Now let’s imagine further into the future. One thing we know about highways is that whenever they are built, sooner or later they fill up with traffic. When they become too congested, there is the call for widening, the addition of more lanes, or in some instances, tunneling or double decking. The incessant pressure of congestion has driven a logic of transportation policy in this country for more than a half-century that seeks to solve for the presence of more cars with the addition of more road. The restrictions to this infrastructure inertia are money, space, and political will — building highways is expensive; many run through pre-built environments; and there are social, environmental, and engineering reasons to resist to the idea of ever-expanding highways.

But with regards to a superhighway in the sky, there are no costs to expand, no built environment to contend with, and no residents or businesses to displace.
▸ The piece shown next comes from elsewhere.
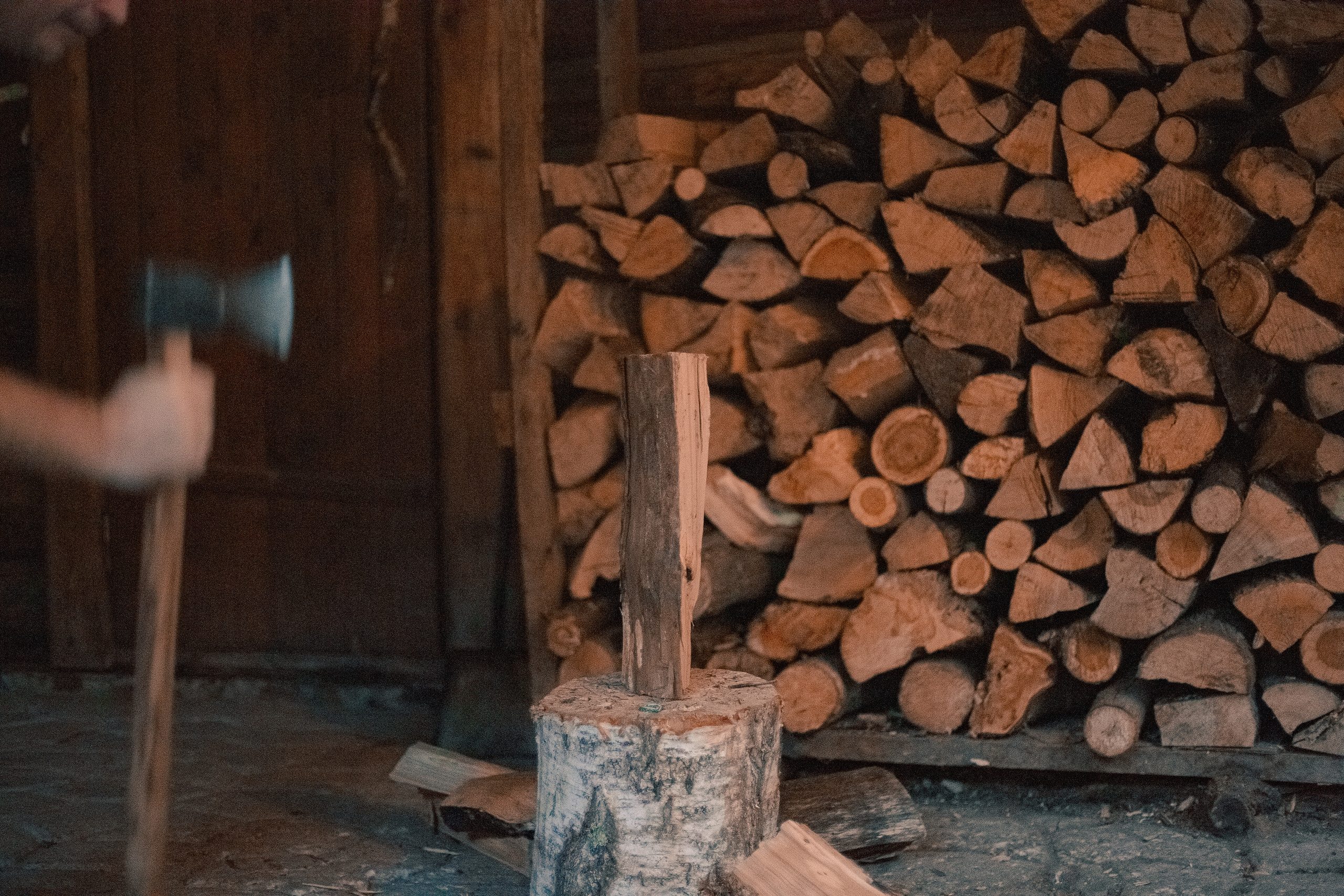 Про Максима, Аню, Дарину и…. Семейный и детский фотограф в Туле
A highway that exists only as a set of conceptual parameters in the wide-openness of the uncluttered air would have no barriers for expansion.

What would that look like?

If our skies became increasingly cluttered with flying cars, would the municipal planning organizations of the world push for ever-more expansion of the airborne superhighways? How wide could it expand? The width of two I-35s? The width of 48-highway lanes? The width of the entire city?

Would it eventually grow into something that resembles a dream that perhaps only the Michael Morris’s of the world sketched out in crayon on the kindergarten floor: an endless highway that exists merely, if resiliently as a limitless conceptual construct, unshackled by the mundane necessities of brick and mortar, free to widen forever, expanding infinitely, swelling like a plume of gas, onward and outwards, until the entirety of our urban world takes new shape underneath the continuous cloud-cover of the never-ending flow of a universe of traffic?

And we will look up to the starless sky from the abandoned earth and marvel at the fleets of mechanized Pegasuses that clutter the canvas of our ancient ancestors’ dreams.